たまに目にする「盛れない写真が若者の間で人気!」というニュース。
どうやら10代や20代の間では、加工アプリで盛れる写真よりもそうじゃないもの、例えば写ルンですや証明写真なんかが人気らしい。
写ルンですや証明写真のように、多少フィルムごとのクセはあるものの、「加工」を避けた写真に味気なさを感じたから、誰でも自分を盛ることができる加工アプリが開発されたと思っていて。
それに居心地悪さを感じて、原点回帰する現象はなんとも不思議な気分になる。
つまるところ、結局人というのは「ないものねだり」をしてしまう生き物らしい。
写真の話だと、フィルムカメラとデジタルカメラが良い例だろう。
フィルムは撮影した画像をその場で確認できない。現像という作業があって、フィルムのネガと写真を手にできる。
一方、デジタルなら撮影した画像は、その場でモニターで確認できるし、気に入らなかったら削除もできる。そして、写真が保存されているSDカードを手にすれば、コンビニでも簡単に写真として手に入れられる。
技術の進歩もあるだろうけど、デジタルカメラやスマートフォンのカメラが発達した結果、「撮ってすぐ分かる」ことを避ける人たちも出てきた。あえてフィルムカメラや写ルンですを購入し、現像するまで何がどう写ったか分からない写真を楽しむ人も増えている。
当時は「不便」だから便利を追い求めて、さまざまな努力がなされてきた。
それが今や、「便利すぎる」がために、不便に新鮮味を感じるまでになった。
それは他のものにも言える。音楽ならデジタル全盛なのに、レコードの人気が急上昇している。
僕は正直なところ、便利だから素晴らしくて、不便だからダメという考えは持っていない。
むしろ、便利と不便の両方があるからこそ、自分の気分とかライフスタイルに合わせて選択肢が増えたという風に捉えている。
便利さに疲れることもあるけれど、不便さを織り交ぜながら暮らしているから、便利さを受け入れられているはずだ。
写真の話なら、好きな人はデジタルをベースにしつつ、たまにはフィルムを楽しむ方もいることだろう。
その逆も然りだ。
人は結局いつもないものねだりをしてしまう。でも、ないものねだりをするからこそ、改めて今の便利さに気づくことができる。
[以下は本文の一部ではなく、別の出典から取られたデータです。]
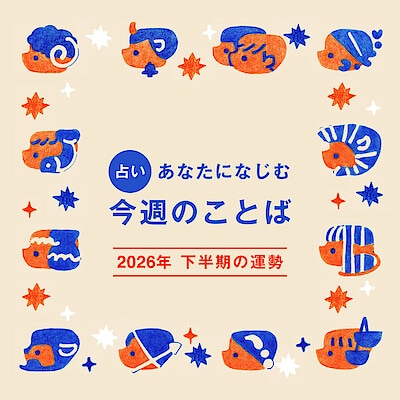 ［むじうら］ 2026年 下半期の運勢（7/1〜12/31）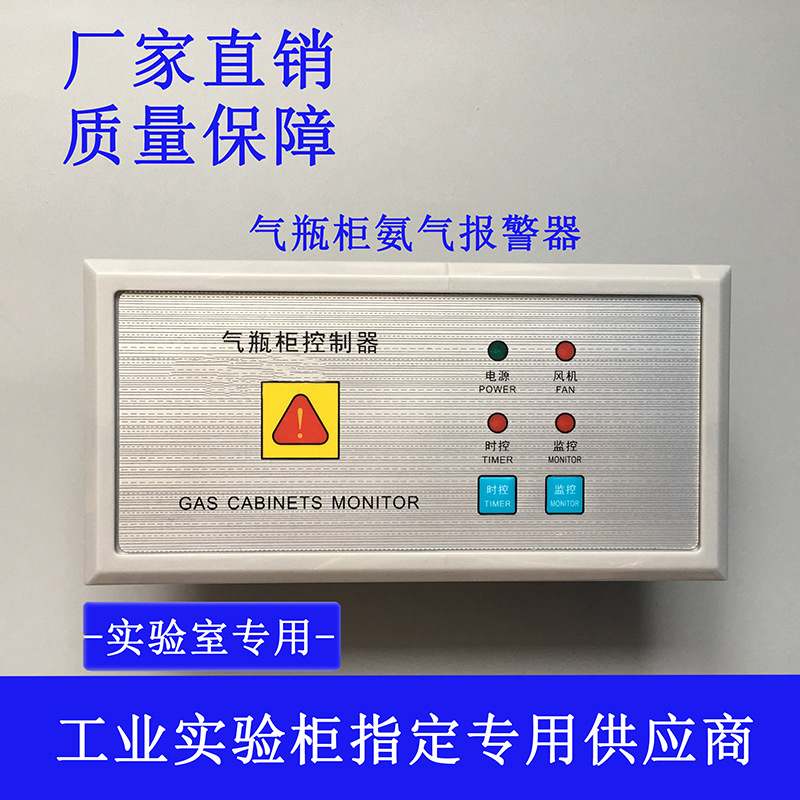 工厂供应氨气气瓶柜报警器实验室气体泄漏检测专用安全探头传感器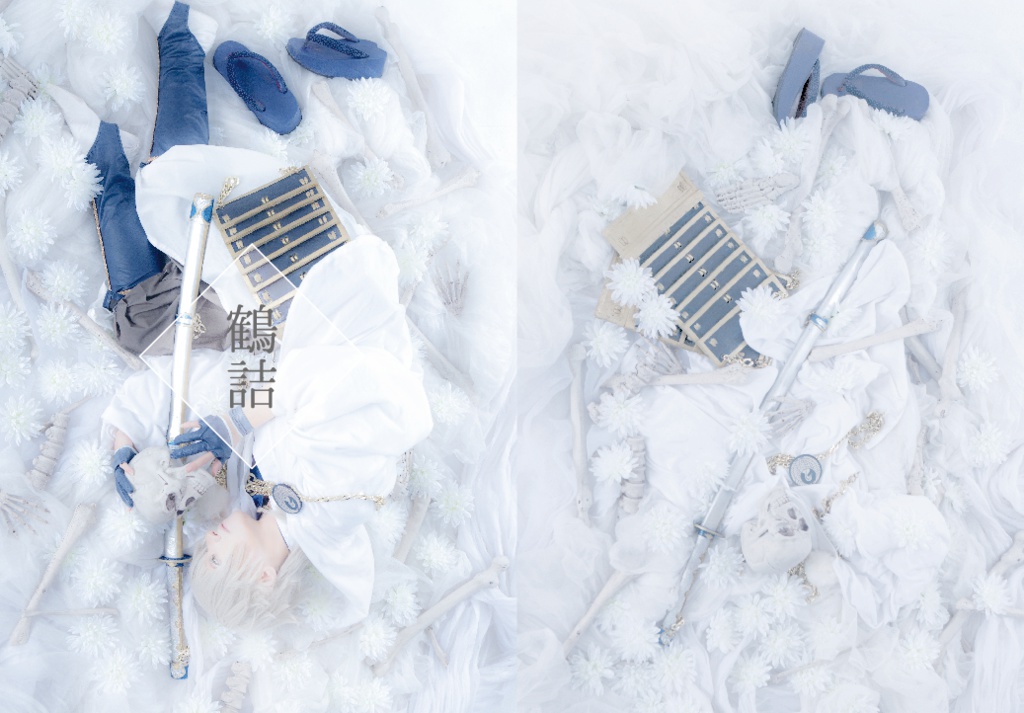 【再販・受注生産】鶴丸国永 写真集 「鶴詰(+旅鶴)」 112P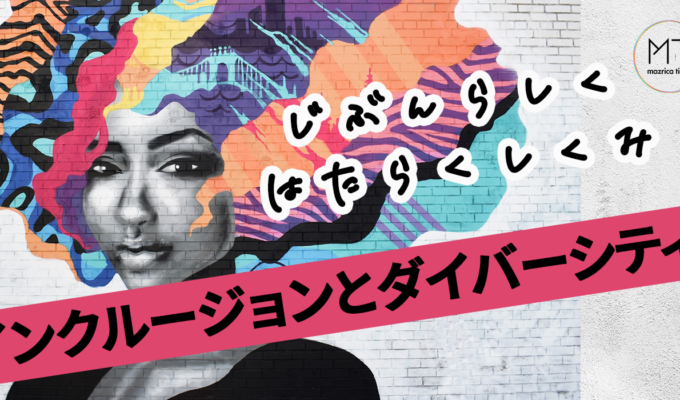 ダイバーシティ＆インクルージョン（D&I）とは｜推進の背景や取り組み事例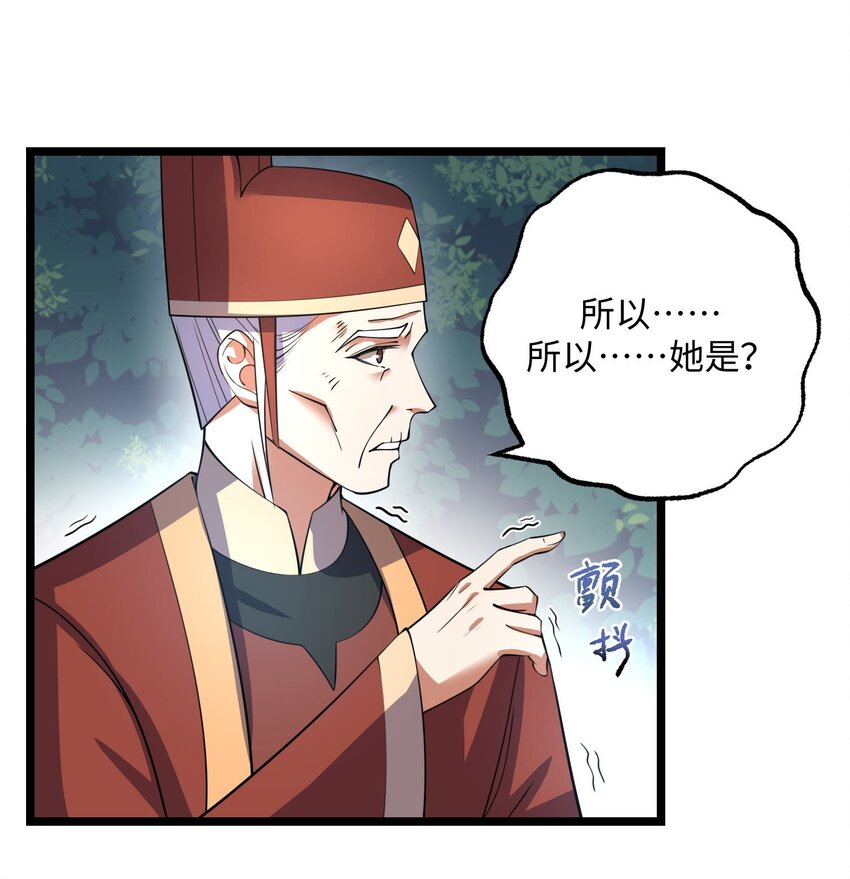 《元龙》漫画最新章节282 追杀！免费下拉式在线观看章节第【22】张图片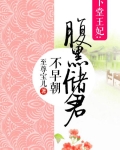 下堂王妃：腹黑储君不早朝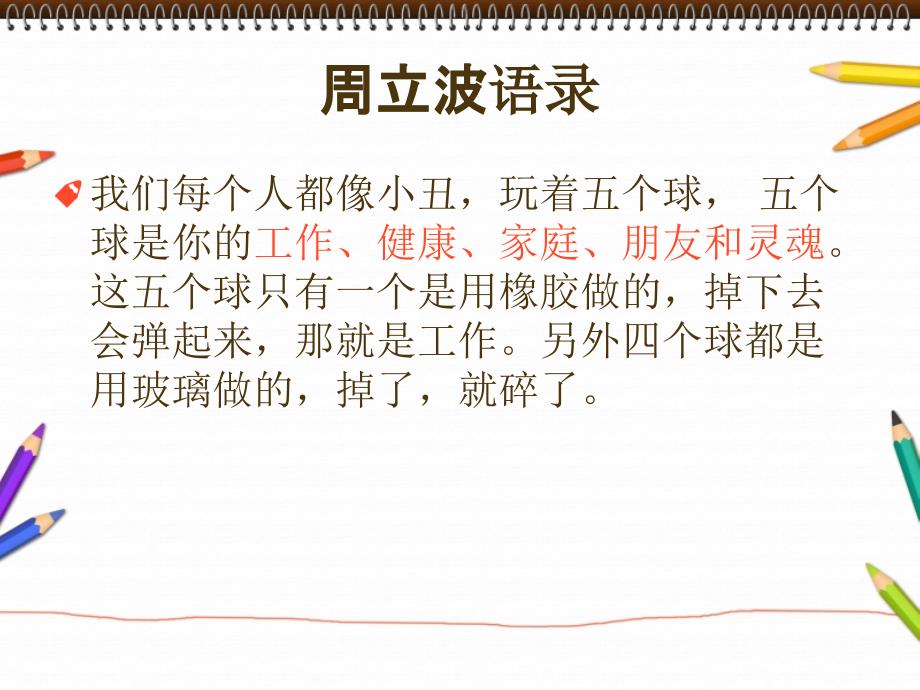 健康的生活方式PPT课件.ppt_第2页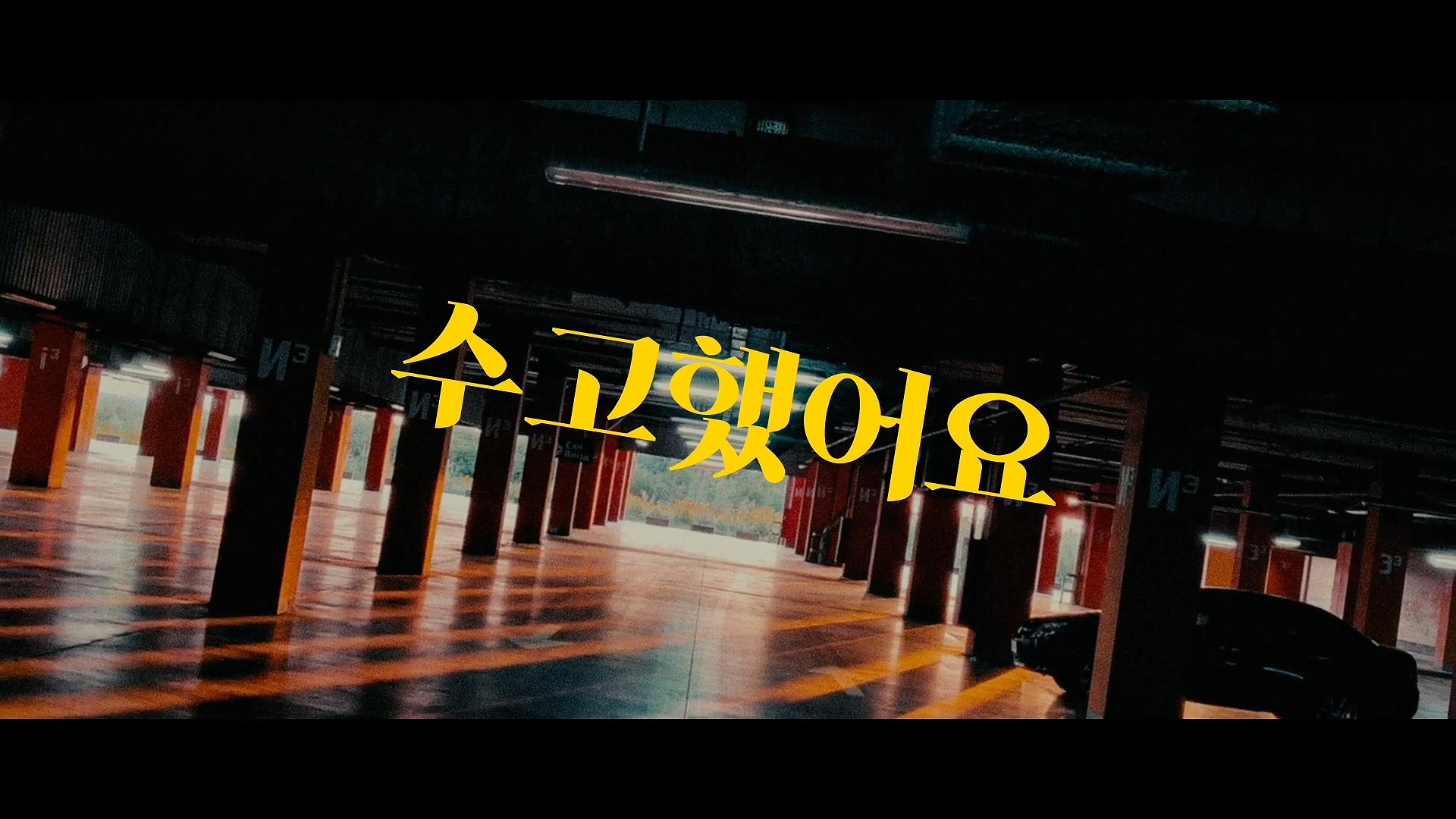  잘가요 로맨스(Goodbye romance)_아판뮤직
そして、そのどちらを選ぶかを自分の意思で選択できる時代になっている。
自分の暮らしのなかにある不便さ、便利すぎるツールに居心地の悪さを感じたら、一度立ち止まってみるとおもしろいかもしれません。
もし、そこに「進歩」が隠れていたら、自分をあえて不便にダウングレードさせてみると、今の良さに気づけるかもしれない。